Luo Xiaodong, Huang Bo, Quan Hui
Department of Biostatistics and Programming, Research and Development, Sanofi U.S., Bridgewater, NJ, USA.
Pfizer Inc., New London, CT, USA.
Clin Trials. 2019 Dec;16(6):616-625. doi: 10.1177/1740774519871447. Epub 2019 Aug 26.
BACKGROUND/AIMS: Restricted mean survival time has become a popular treatment effect measurement because of its nice interpretability. However, study design based on restricted mean survival times often requires extensive simulation studies as the variance structure is hard to obtain analytically. This article aims to provide a flexible approach to conduct study design and monitoring based on the restricted mean survival times without resorting to simulation.

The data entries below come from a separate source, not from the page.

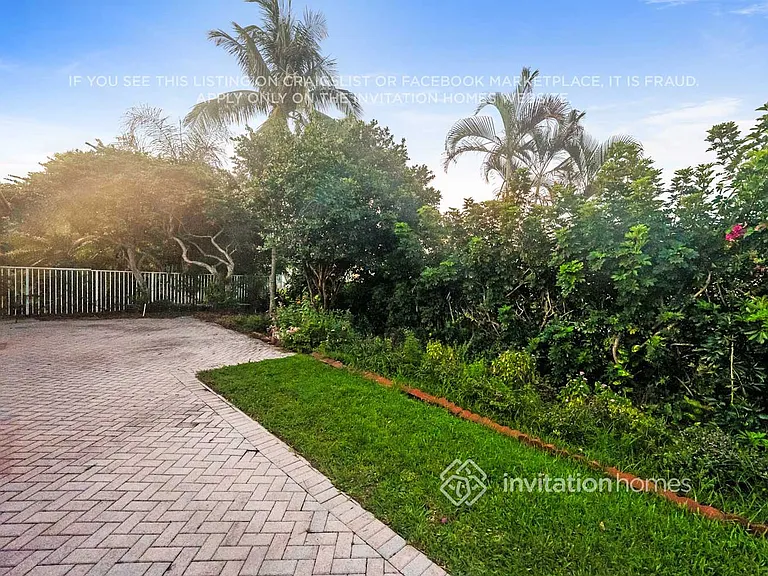 1504 Siena Ln — Photo 16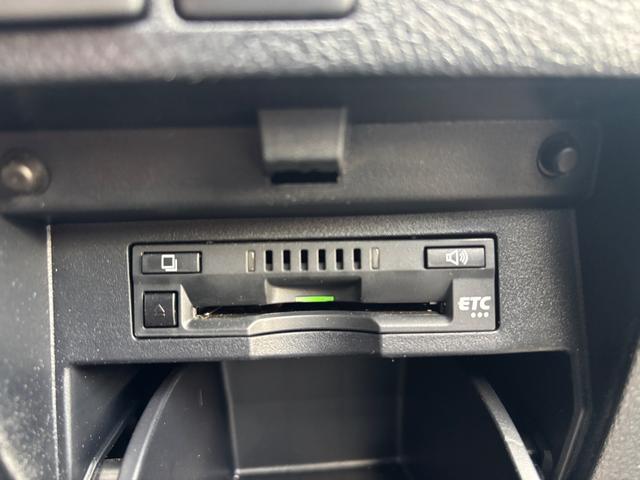 ヴェルファイア ２．５Ｚ　ゴールデンアイズ　モデリスタエアロ　夏冬タイヤアルミ付　エンジンスターター　純正ナビ　アップルカープレイ　Ｂｌｕｅｔｏｏｔｈ　両側パワースライドドア　パワーバックドア　ウッドコンビハンドル　トヨタセーフティセンス（42枚目）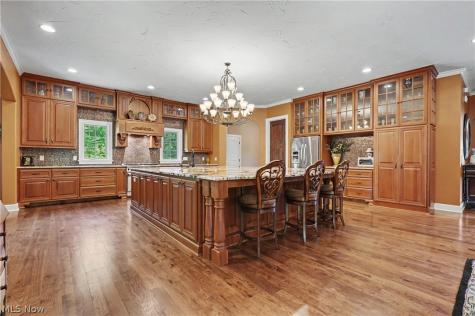 215 Brighton Lane Peninsula OH 44264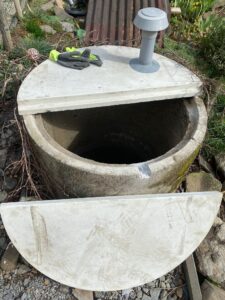 Obnovený přítok a dokonale čistá voda – výsledek po profesionálním čištění kopané studny.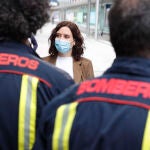 La presidenta de la Comunidad de Madrid, Isabel Díaz Ayuso, durante la visita que ha realizado al Hospital de Campaña de Ifema para hablar con personal sanitario que se enfrenta al Covid-19. En Madrid, (España), a 16 de abril de 2020.16 ABRIL 2020;ISABEL DIAZ AYUSO;CASADO;IFEMA;PACIENTES;COVID-19Comunidad de Madrid16/04/2020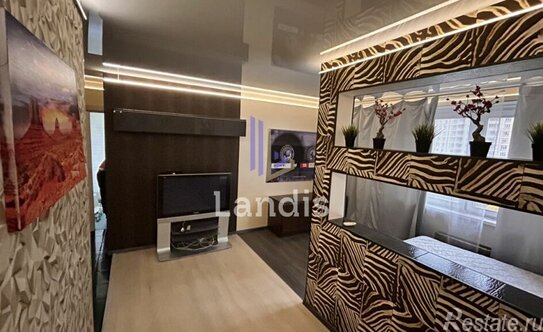 Продажа 1-комн квартиры на вторичном рынке улица Лётчика Ульянина,  д. 2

We assume that both the event time and censoring time distributions are piecewise exponential, and the accrual distribution is piecewise uniform, with which the restricted mean survival times and their variance-covariance structure can be conveniently computed.
Since we allow arbitrary number of pieces in the piecewise exponential and uniform distributions, the resulting model can handle a wide range of scenarios. The usefulness of the approach is demonstrated via an example.
The proposed approach is flexible and useful in the design and monitoring of survival trials based on restricted mean survival times.
背景/目的:受限平均生存时间因其良好的可解释性已成为一种常用的治疗效果测量指标。然而,基于受限平均生存时间的研究设计通常需要进行大量的模拟研究,因为其方差结构难以通过解析方法获得。本文旨在提供一种灵活的方法,无需借助模拟即可基于受限平均生存时间进行研究设计和监测。
我们假设事件时间和删失时间分布均为分段指数分布,且入组分布为分段均匀分布,据此可方便地计算受限平均生存时间及其方差-协方差结构。
由于我们允许分段指数分布和均匀分布中的分段数任意,因此所得模型能够处理多种情况。通过一个例子展示了该方法的实用性。
所提出的方法在基于受限平均生存时间的生存试验设计和监测中灵活且有用。